Les flux bilatéraux de marchandises ont explosé, passant de 11,2 millions de dollars en 2019 à 2 milliards de dollars, hors logiciels, de janvier à août 2023, selon l'ambassadeur d'Israël aux Émirats arabes unis. L’accord de partenariat EAU-Israël entré en vigueur l’année dernière a réduit les droits de douane dans le but de porter le commerce bilatéral à 10 milliards de dollars d’ici cinq ans. S’il est bien inférieur au commerce d'Israël avec l'Union européenne et la Turquie, il est néanmoins bien supérieur au commerce d'Israël avec l'Égypte et la Jordanie.

Comme l'ont déclaré des PDG israéliens au Financial Times en plein génocide de Gaza, « la routine habituelle » ; de nouveaux plans d'investissement sont en cours et la compagnie aérienne des Émirats arabes unis poursuit ses vols vers Tel Aviv alors même que d'autres compagnies annulent les leurs.

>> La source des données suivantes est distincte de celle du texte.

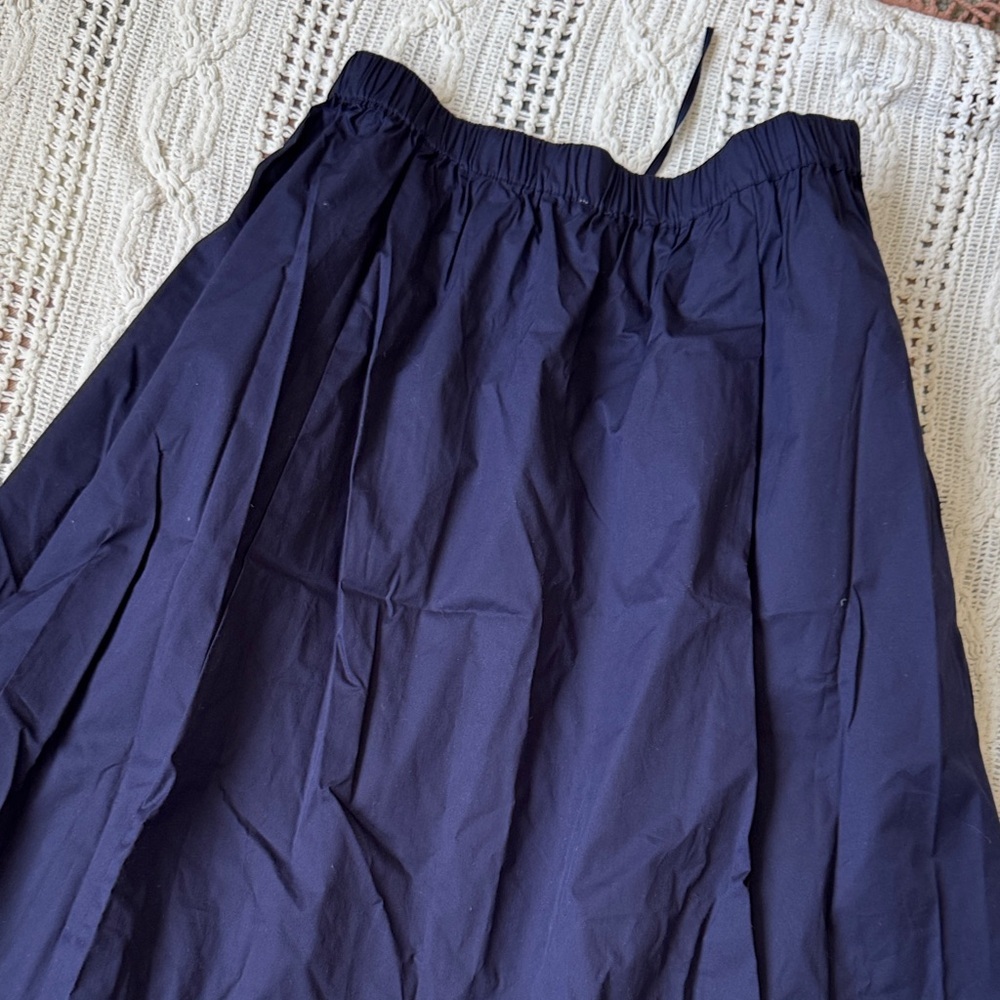 Joie Deep Navy A-Line Skirt - Picture 10 of 11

Même si l'Arabie saoudite n'a jamais été un «État de première ligne» dans le conflit arabo-israélien, en octobre 1973 elle a pris la tête de l'interdiction par l’OPEP (Organisation des pays exportateurs de pétrole) de l'exportation de pétrole vers les pays ayant soutenu Israël lors de la guerre arabo-israélienne d'octobre 1973. La guerre avait commencé après que l’Égypte et la Syrie eurent lancé une attaque surprise contre Israël dans une tentative finalement infructueuse de récupérer les territoires perdus lors de la guerre de 1967. Seuls l’Irak et la Libye n’avaient pas participé à l’embargo pétrolier qui fut levé en mars 1974, date à laquelle le prix du pétrole avait presque triplé, augmentant considérablement la richesse des États pétroliers et leur influence politique réactionnaire dans la région.

50 ans plus tard, il n'y a aucune mention d'un embargo similaire en défense des 2,3 millions de Palestiniens de Gaza. Cela montre le soutien des monarchies à la guerre d'Israël, financée et planifiée par l'administration Biden, pour affirmer l'hégémonie américaine sur la région riche en ressources et pour supprimer toute opposition à Washington ou à ses alliés régionaux ainsi qu’à leurs propres régimes.

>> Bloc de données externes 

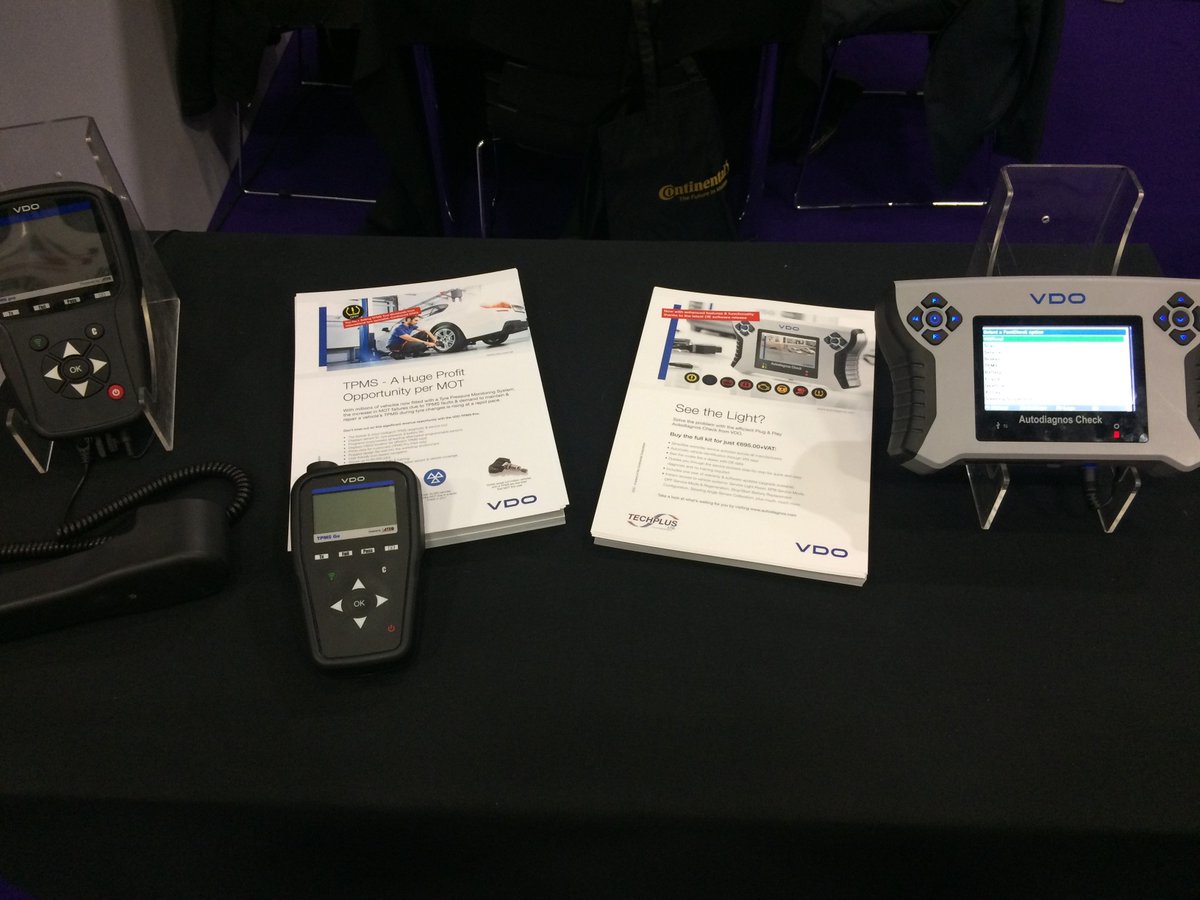 CryptonUK's tweet photo. We are ready for day 2 at Auto Trade Expo in Dublin. Come and talk to the Crypton and VDO teams about your garage equipment needs, diagnostic and service tools and the 'hottest' topic in the aftermarket - TPMS! https://t.co/REWVsvPPcX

Un Palestinien se déplace dans les décombres causées par les bombardements israéliens dans le camp de réfugiés de Nusseirat , dans la bande de Gaza, le 16 janvier 2024 [AP Photo/Adel Hana]

La guerre menée par Israël contre Gaza n’a pas pu faire capoter les efforts de longue date de Washington pour négocier un accord de normalisation entre Israël et l’Arabie Saoudite. Un potentiel accord israélo-saoudien est un élément crucial de sa tentative de régler le conflit à Gaza tout en voyant Riyad indiquer sa volonté de poursuivre les discussions. De leur côté, les États-Unis et le Royaume-Uni ont consolidé le revirement de leur opposition précédente à la guerre menée par Riyad pour renverser les Houthis au Yémen. Ils ont lancé des centaines de frappes aériennes contre ceux-ci suite à leurs attaques de navires ayant des liens avec Israël, afin de faire pression pour mettre fin à sa guerre et au blocus de Gaza.

Les régimes arabes, que leurs populations méprisent, ont conclu un pacte avec le diable: le soutien à Israël – et par implication à l'impérialisme américain – en échange de l'engagement de Washington à soutenir leur «sécurité» en cas de nouveau «printemps arabe» ou d’un mouvement de masse pour les renverser, et à mener, dans le cadre de ses préparatifs de guerre contre la Chine, une guerre contre un Iran ayant soutenu les forces d’opposition à leur pouvoir.